By Philip Schweier
January 2, 2019 - 08:16
In the course of it all, Batgirl knows one thing: someone’s out to disrupt Alejo’s campaign, possibly to turn the tide to the opposition. And the name she keeps coming across is that of private investigator Jason Bard (another Bronze Age reference; look him up).
My one big complaint in the story is in a moment of confrontation between Batgirl and Commissioner Gordon. With differing ideologies, Gordon actually DRAWS HIS WEAPON on her. As if any cop should ever draw his weapon on an unarmed person. As if any masked vigilante couldn’t easily take the weapon from him. But Barbara’s reaction, that her own father doesn’t recognize her behind the mask – REALLY? Masks only work with people who don’t know you. Certainly Jim Gordon has thought, “Batgirl kinda looks like my Barbara in a mask,” or “Babs kinda looks like Batgirl without the mask.” Certainly the voice and the hair should be big clues to this professional police officer.

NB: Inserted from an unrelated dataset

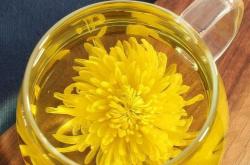 菊花茶可以冬季喝吗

Pelletier and Rapmund continue their stellar work at the drawing board, while writer Mairghread Scott skates dangerously close to advocating a political position. I don’t mind anyone’s politics, as long as they don’t run to either extreme. And I don’t mind politics in comics, so long as they don’t get preachy. It’s an easy landmine to step on, but thankfully Scott avoids it, and rather gracefully, I might add.